**** Data to process

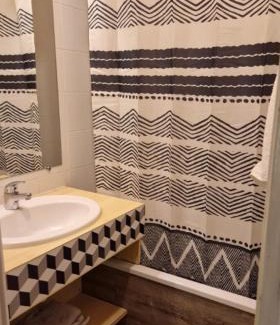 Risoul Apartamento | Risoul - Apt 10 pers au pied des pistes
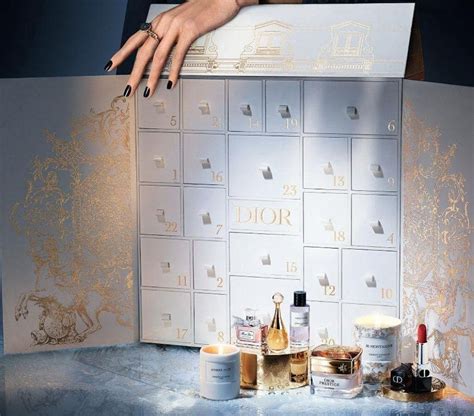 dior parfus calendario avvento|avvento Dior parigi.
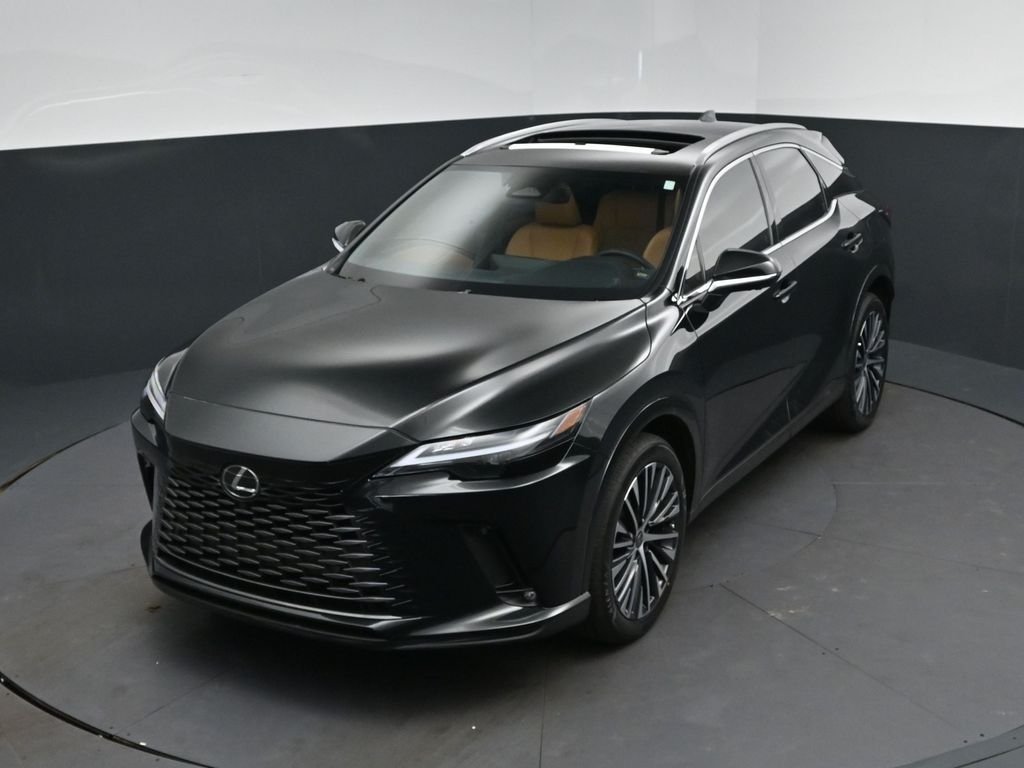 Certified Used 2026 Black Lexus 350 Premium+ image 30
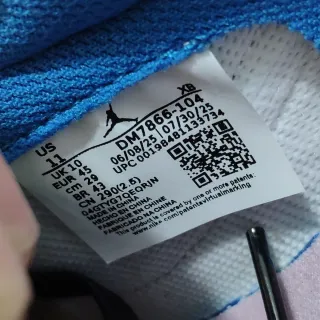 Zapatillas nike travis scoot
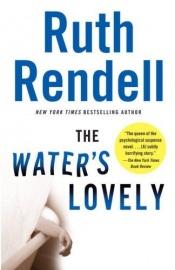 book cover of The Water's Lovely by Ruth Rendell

********

| What is expected |
Write out the whole listing exactly. Do not include the pictures.

| Finished exercise |
 Risoul Apartamento | Risoul - Apt 10 pers au pied des pistes
 dior parfus calendario avvento|avvento Dior parigi.
 Certified Used 2026 Black Lexus 350 Premium+ image 30
 Zapatillas nike travis scoot
 book cover of The Water's Lovely by Ruth Rendell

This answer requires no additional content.